# Task to complete:
Every line below from the one with "Apples hanging from" through the one with "Cryptaspasma sordida" should be retyped exactly, both ends included; no other lines and no pictures.

# Raw data:
>>>>

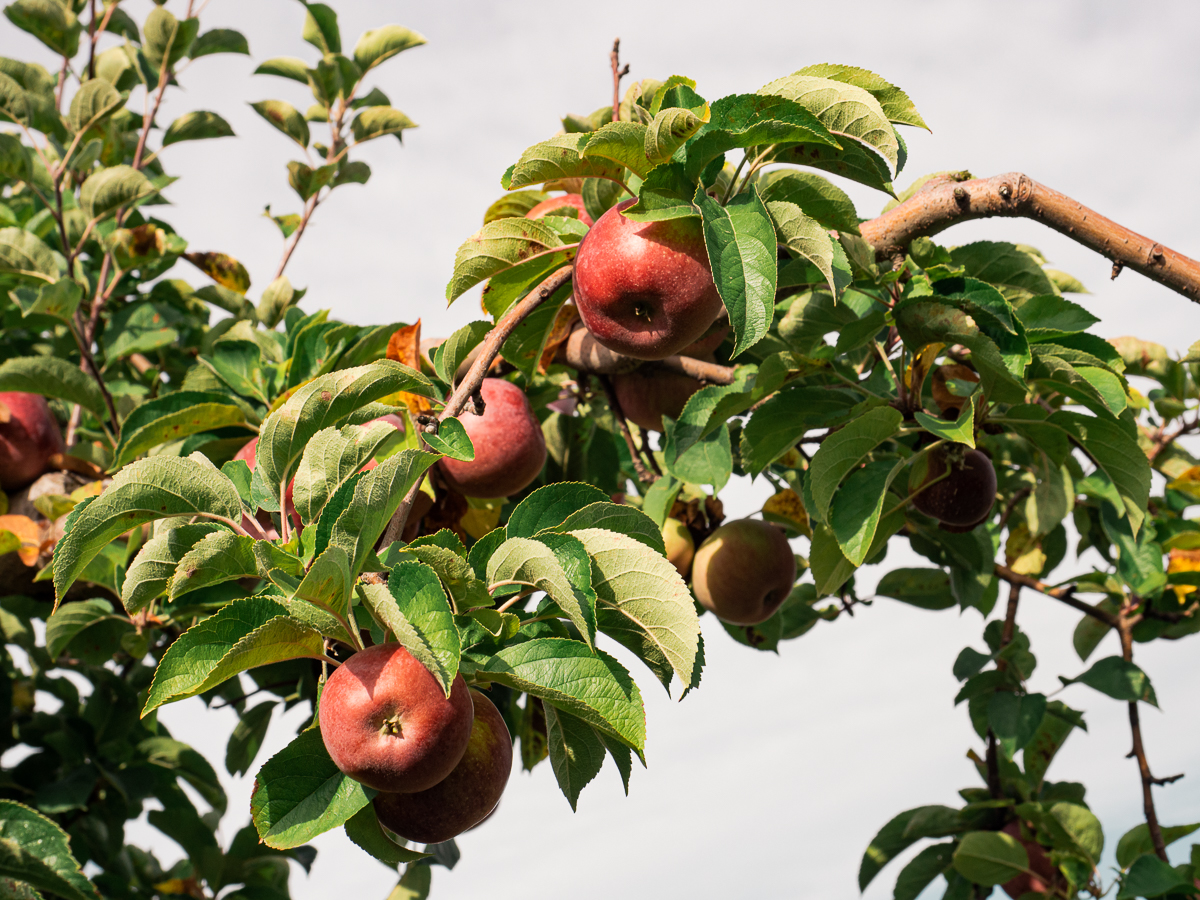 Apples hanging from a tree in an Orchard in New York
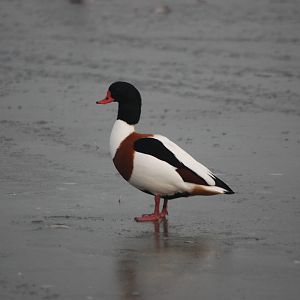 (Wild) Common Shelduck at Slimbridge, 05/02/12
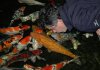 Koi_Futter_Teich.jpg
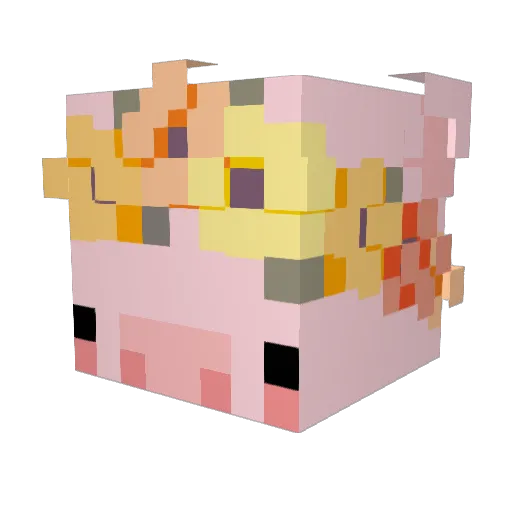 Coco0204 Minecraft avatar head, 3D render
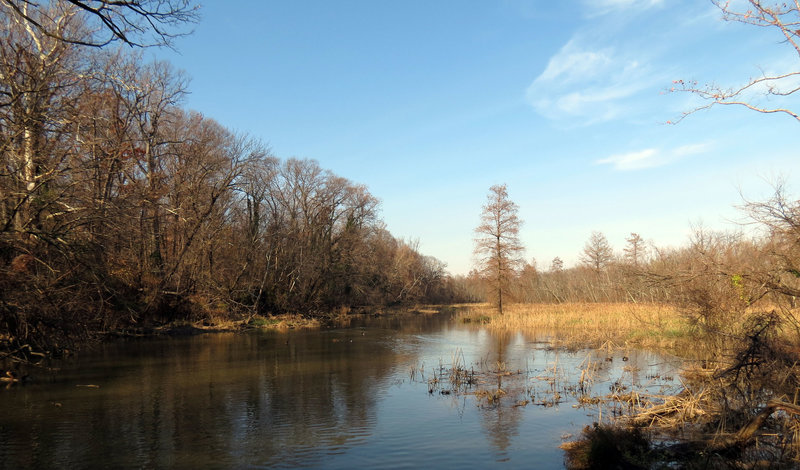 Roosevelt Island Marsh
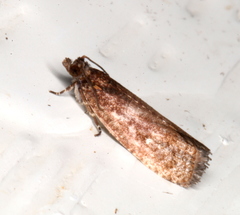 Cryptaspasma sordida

<<<<
>>>>

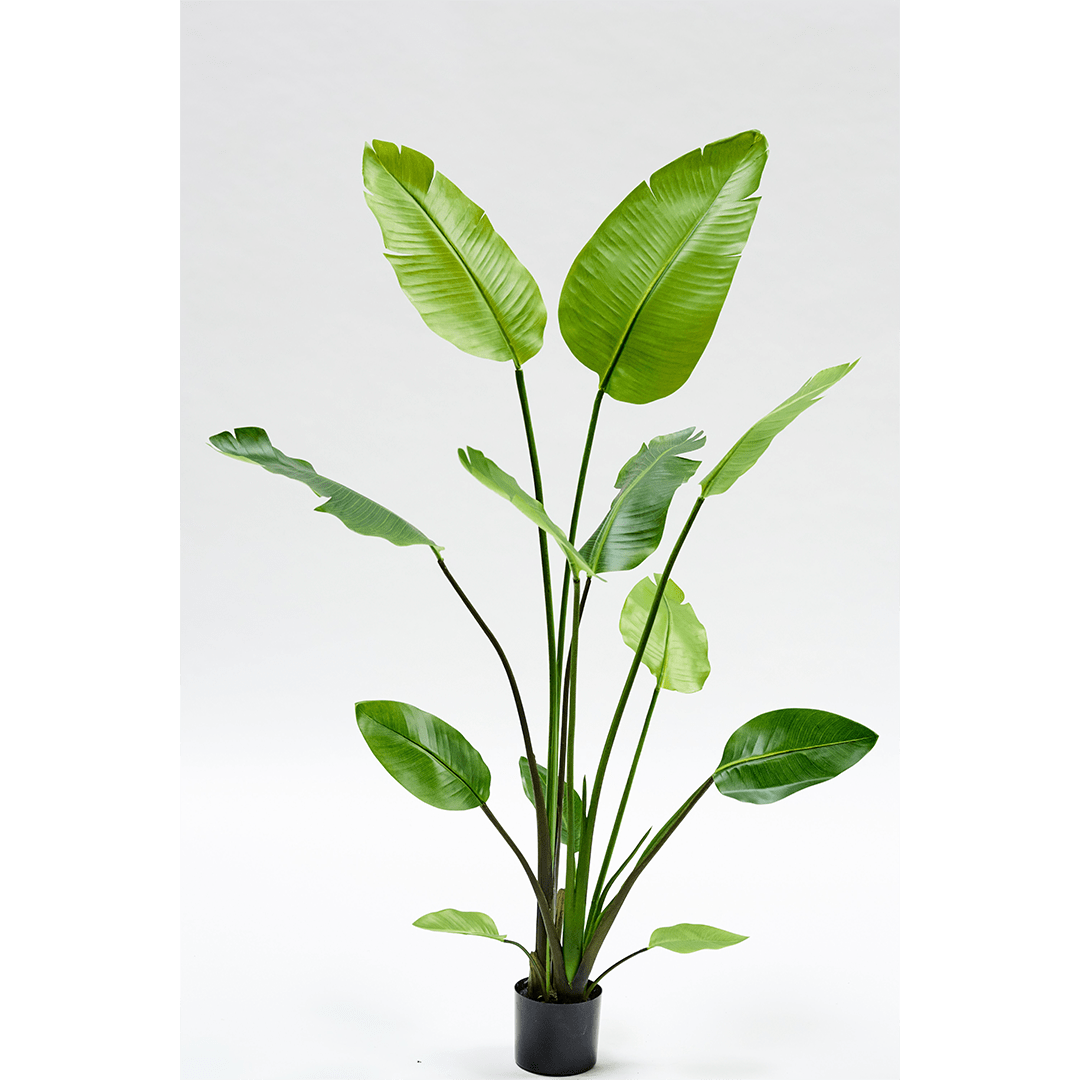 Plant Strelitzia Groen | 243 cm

<<<<
>>>>

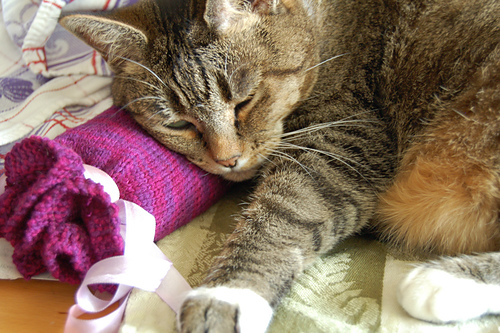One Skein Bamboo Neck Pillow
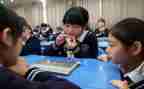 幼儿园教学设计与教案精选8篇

<<<<

# Completed exercise:
 Apples hanging from a tree in an Orchard in New York
 (Wild) Common Shelduck at Slimbridge, 05/02/12
 Koi_Futter_Teich.jpg
 Coco0204 Minecraft avatar head, 3D render
 Roosevelt Island Marsh
 Cryptaspasma sordida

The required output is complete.